● **Try it**: Restate the lines word for word, from the first line of the records through the line containing "Macro Close up". Leave out the pictures and anything after that line.

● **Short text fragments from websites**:
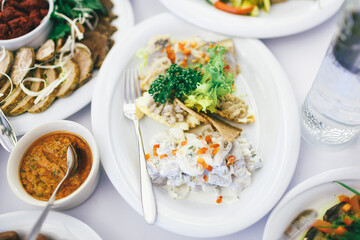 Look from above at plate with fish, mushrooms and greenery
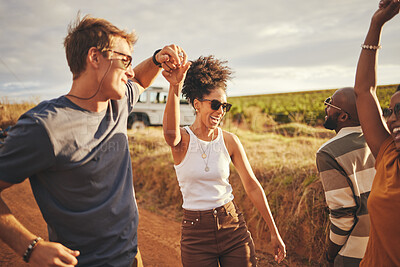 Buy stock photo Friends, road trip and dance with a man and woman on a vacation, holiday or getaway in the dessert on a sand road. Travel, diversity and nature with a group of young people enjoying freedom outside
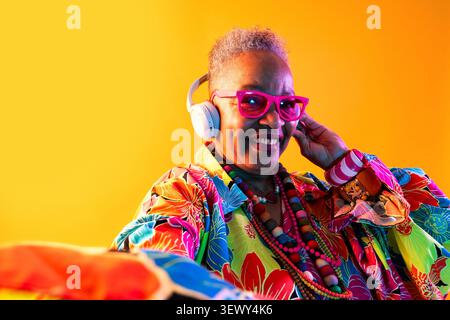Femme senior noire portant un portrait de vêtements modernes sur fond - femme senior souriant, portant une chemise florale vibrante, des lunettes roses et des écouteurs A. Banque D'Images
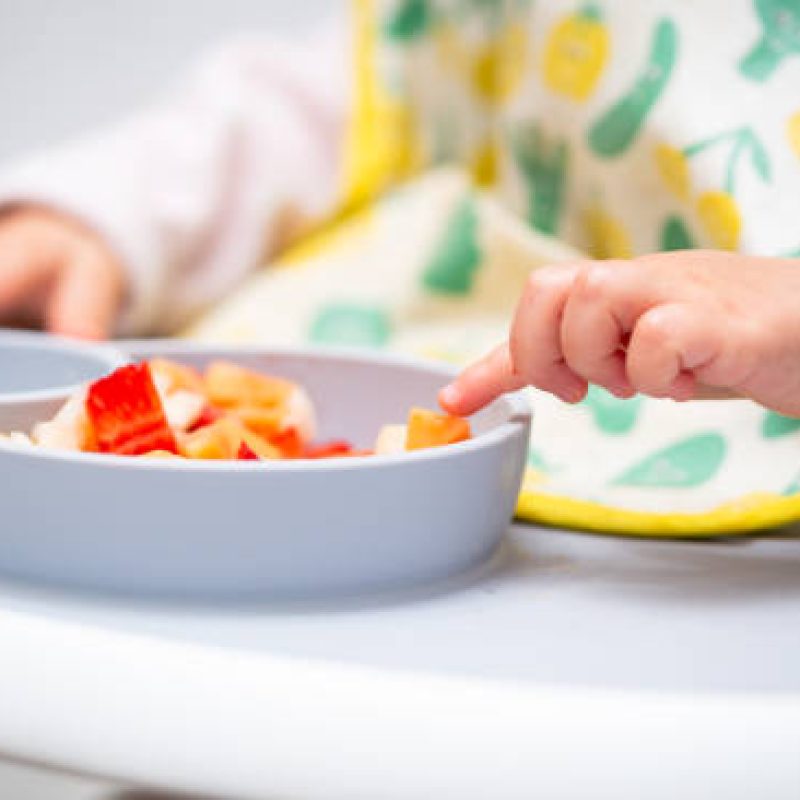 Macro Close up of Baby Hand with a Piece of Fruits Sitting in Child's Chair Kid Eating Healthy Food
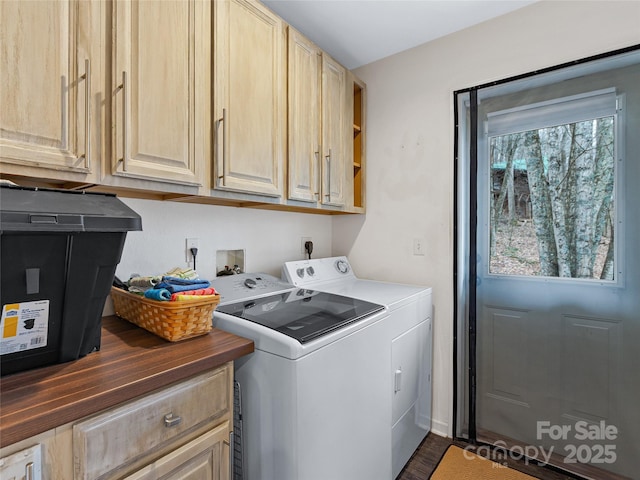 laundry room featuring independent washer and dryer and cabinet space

● **Task result**:
 Look from above at plate with fish, mushrooms and greenery
 Buy stock photo Friends, road trip and dance with a man and woman on a vacation, holiday or getaway in the dessert on a sand road. Travel, diversity and nature with a group of young people enjoying freedom outside
Femme senior noire portant un portrait de vêtements modernes sur fond - femme senior souriant, portant une chemise florale vibrante, des lunettes roses et des écouteurs A. Banque D'Images
 Macro Close up of Baby Hand with a Piece of Fruits Sitting in Child's Chair Kid Eating Healthy Food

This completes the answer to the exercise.